Prompt: No pictures belong in the copy. Retype exactly, and only, the stretch of lines below from the one with "The last ~20mins" through the one with "2021 Toyota Camry XLE Hybrid's photo".

Saved data entries

--------------------------------------------------

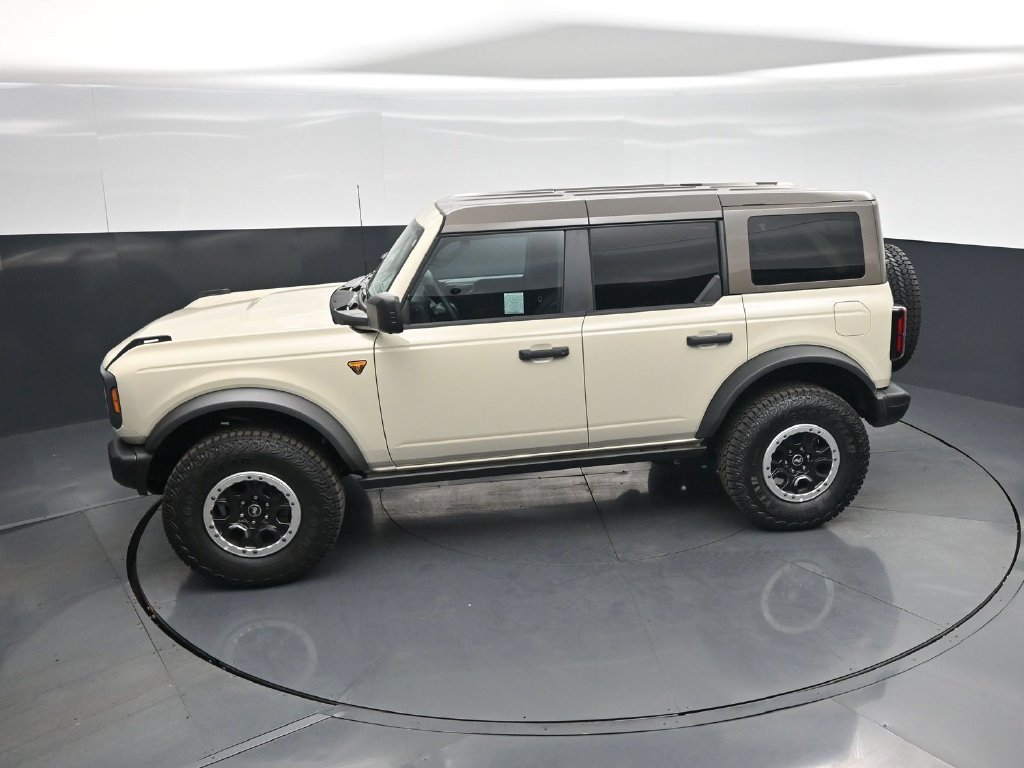Certified 2026 Ford Bronco Badlands AWD/4WD image 44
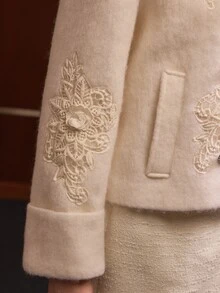 MOTF PREMIUM WOMEN'S DOUBLE BREASTED EMBROIDERED TEXTURED WOOL SHORT JACKET, AUTUMN/WINTER - Beige - View 5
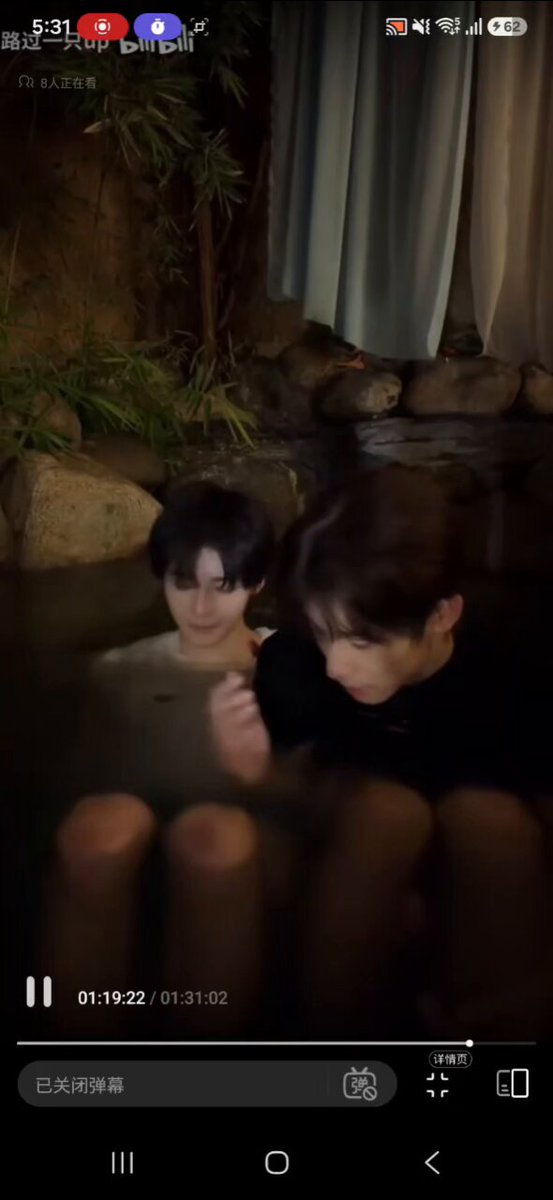 The last ~20mins of this livestream get funnier every time I watch it and realise even more just HOW out of it Haohao was at this point 😅 The man totally forgot he was sitting in water and just dunked his face right into the water, he was not even slightly okay 😭🤣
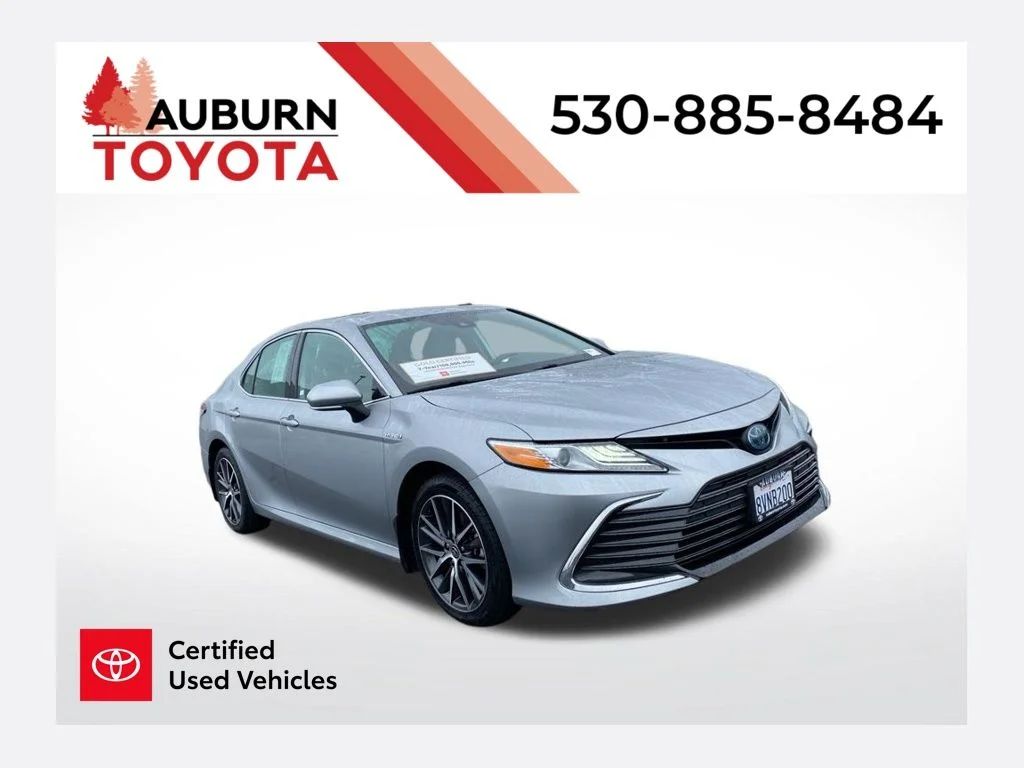 2021 Toyota Camry XLE Hybrid's photo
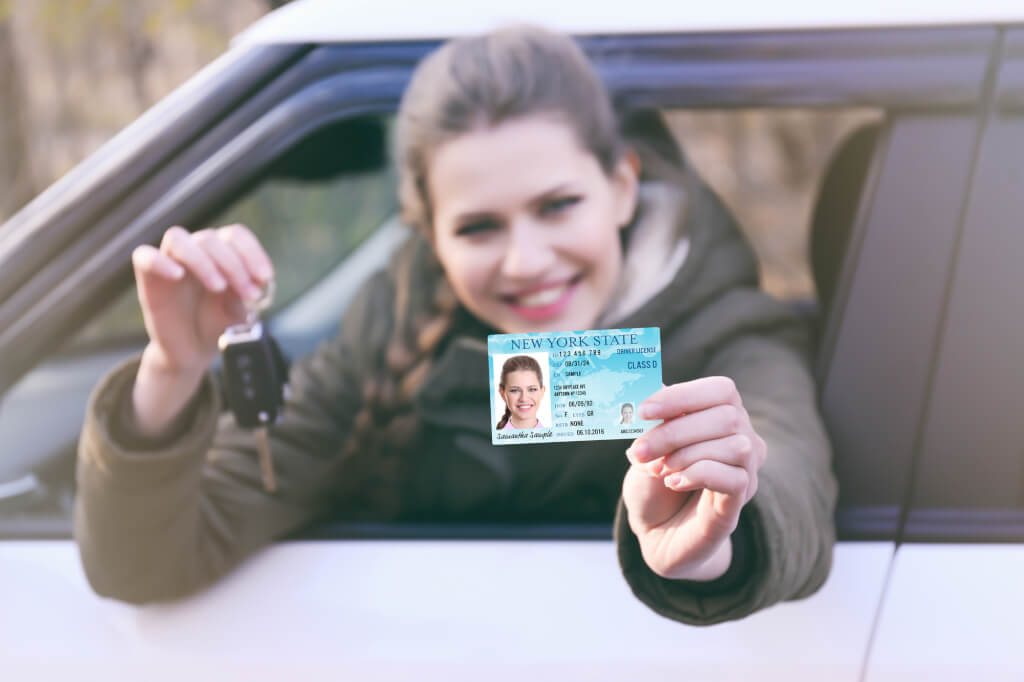 Trin for trin hvordan man ansøger om et type A kørekort i USA.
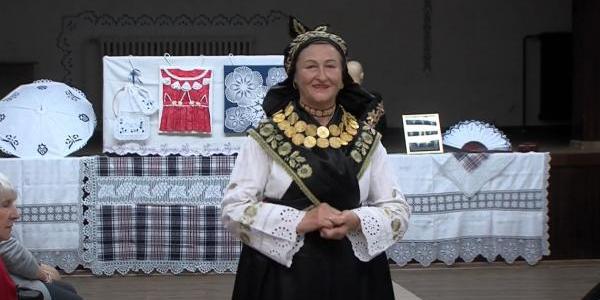 Modnom revijom i izložbom rukotvorina čuvaju tradiciju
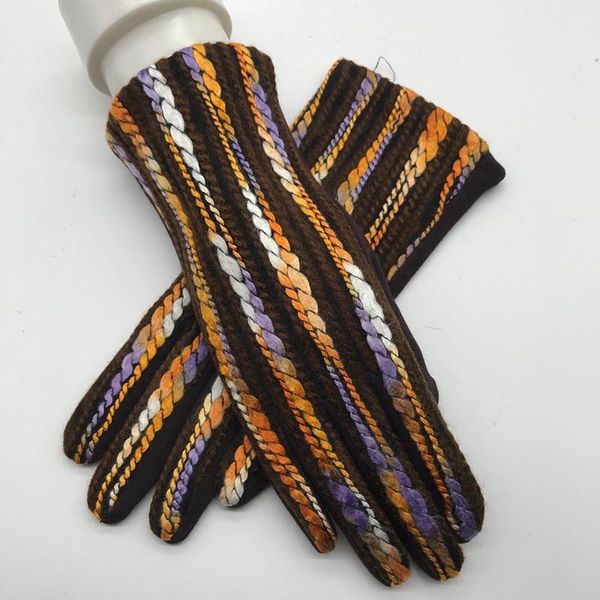 five fingers gloves 2021 ladies fashion autumn and winter warmth does not fall down thickened plus velvet cotton fabric ab version, Blue;gray
five fingers gloves 2021 ladies fashion autumn and winter warmth does not fall down thickened plus velvet cotton fabric ab version, Blue;gray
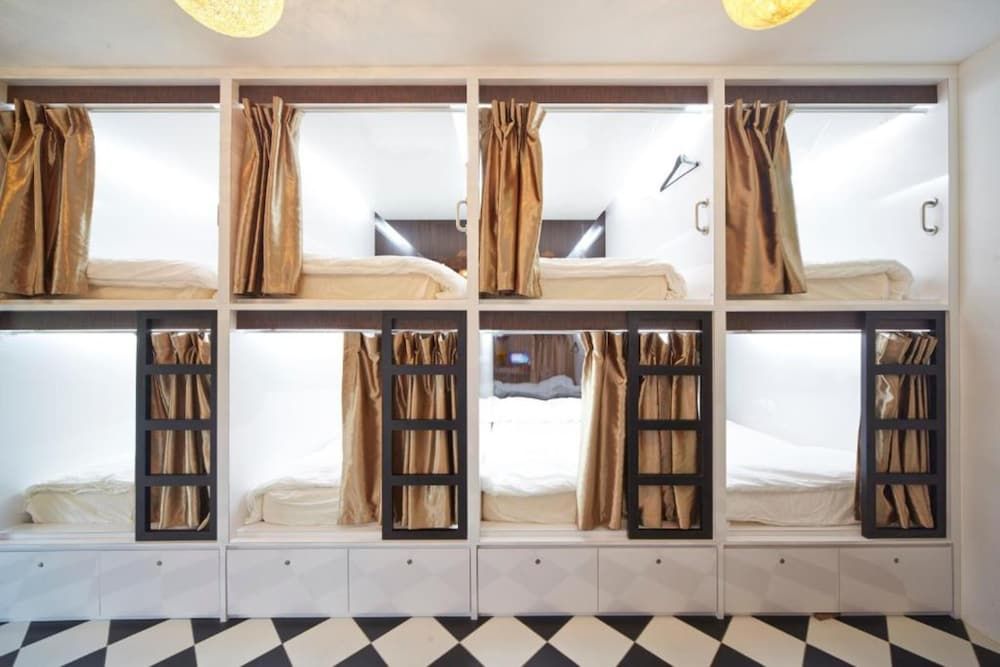 Shared Dormitory, 1 Double Bed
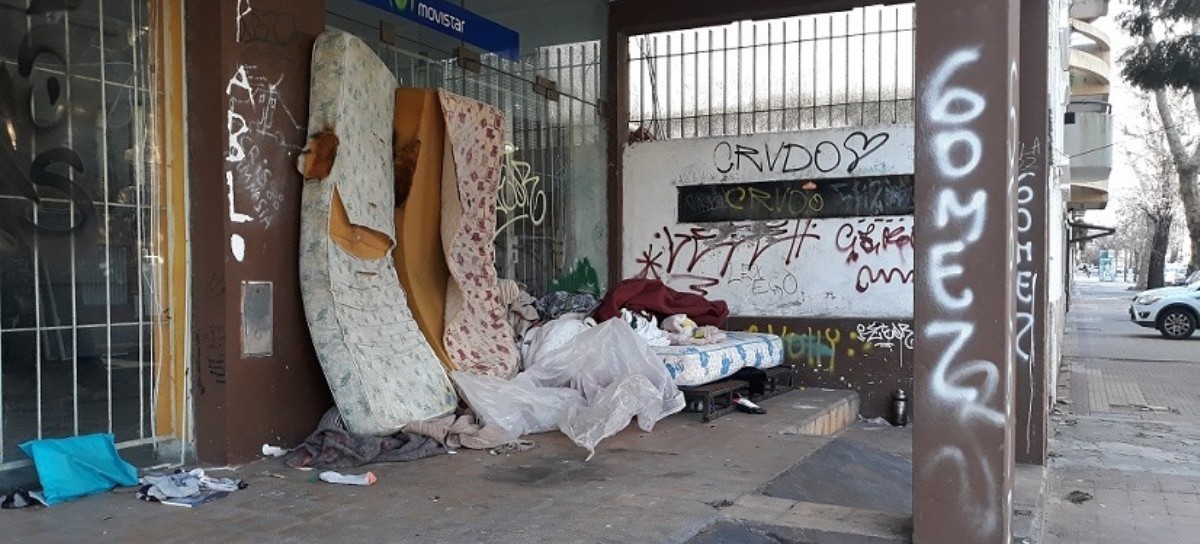 La dura cara de la pobreza y la indigencia, a metros del centro comercial de la capital bonaerense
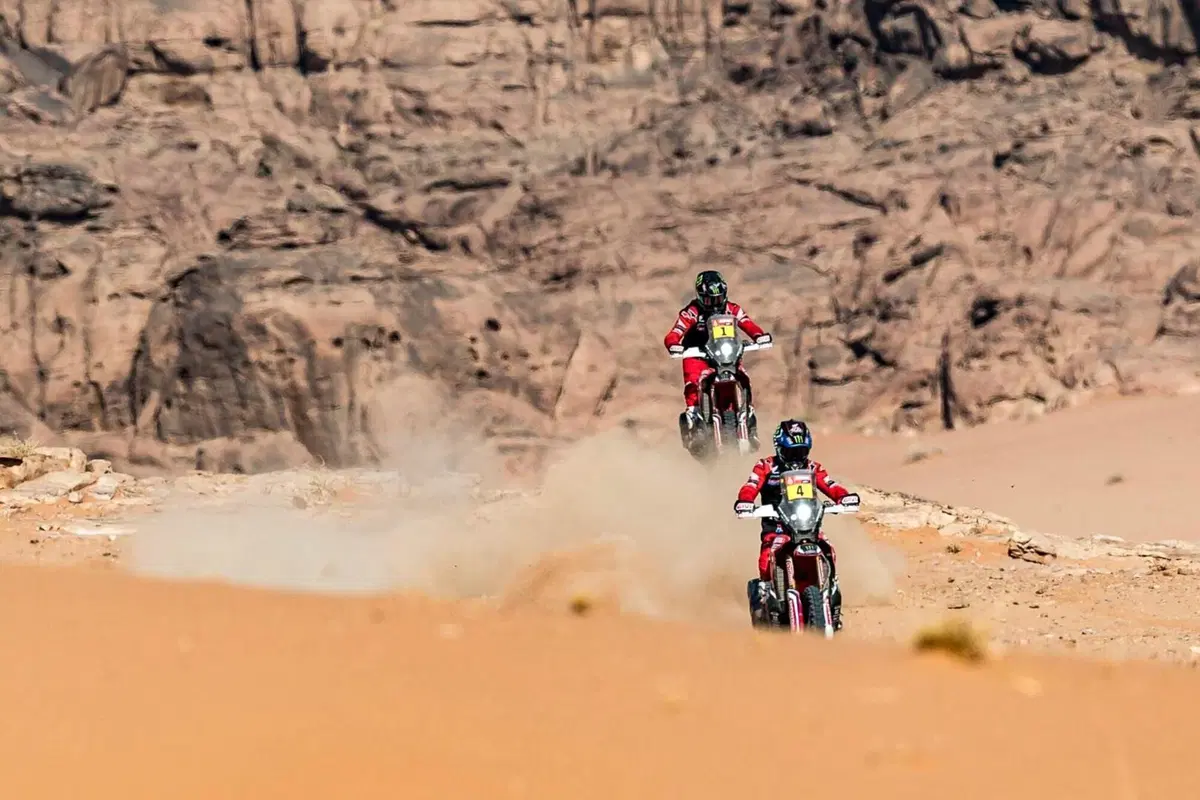Dakar 2021. 10a Tappa. Coenejo Out, in testa “K” Benavides, Honda. Peterhansel, Mini, intoccabile (10)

--------------------------------------------------

Result:
 The last ~20mins of this livestream get funnier every time I watch it and realise even more just HOW out of it Haohao was at this point 😅 The man totally forgot he was sitting in water and just dunked his face right into the water, he was not even slightly okay 😭🤣
 2021 Toyota Camry XLE Hybrid's photo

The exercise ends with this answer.